From: "Guillermo J. Rozas" <gjr@martigny.ai.mit.edu>
Subject: Re: Why would anyone want opacity?
Date: Tue, 30 Apr 96 19:07:28 -0400

> So you don't believe in debugging?  The point that I believe you've
> missed is that the _same_ information that is left behind for
> debugging can be used by _other_ meta-programming tools.  In fact,
> once you make that observation, you realize that the debugger is
> _nothing special_.  Users can write their own if they so wish.

I did not miss this point, and, indeed, I do not believe (very much)
in debugging (at least not the kind that is usually referred to as
`debugging').

> Thus saying that the extra work is not worth it is essentially saying
> that debugging is not worth it, and I doubt you believe that.

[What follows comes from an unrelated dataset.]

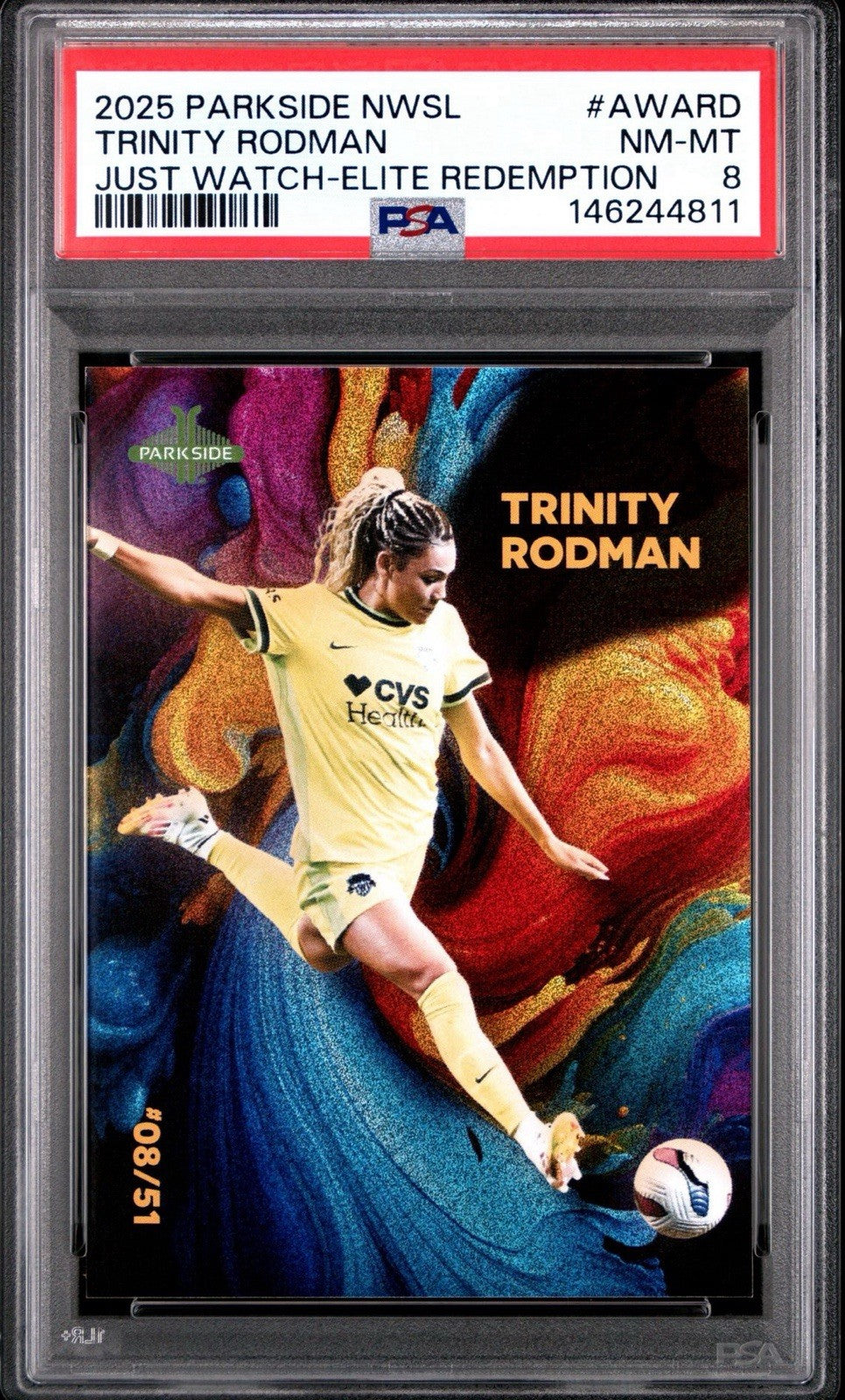 2025 Parkside NWSL Trinity Rodman Just Watch /51 Keepr Exclusive PSA 8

I hardly ever use a debugger myself, whether I program in C, Scheme,
or SML.  I would never compromise agressive optimization for the
benefit of a debugger, nor would I jump through infinite hoops to make
a debugger `work' despite the efforts of an optimizer.  For me, this
is simply not worth the trouble.

I have no problem with the idea of separate debugging environments,
where the compiler either spends less effort on obfuscating the
original code, or where debugging works by source-code instrumentation.
Unfortunately, both techniques do not work well with less than
completely defined semantics, because different optimization levels or
program instrumentation can (and most often do) change the behavior.

In any case, I do not want to make the debugging environment the
default for a language's implementation.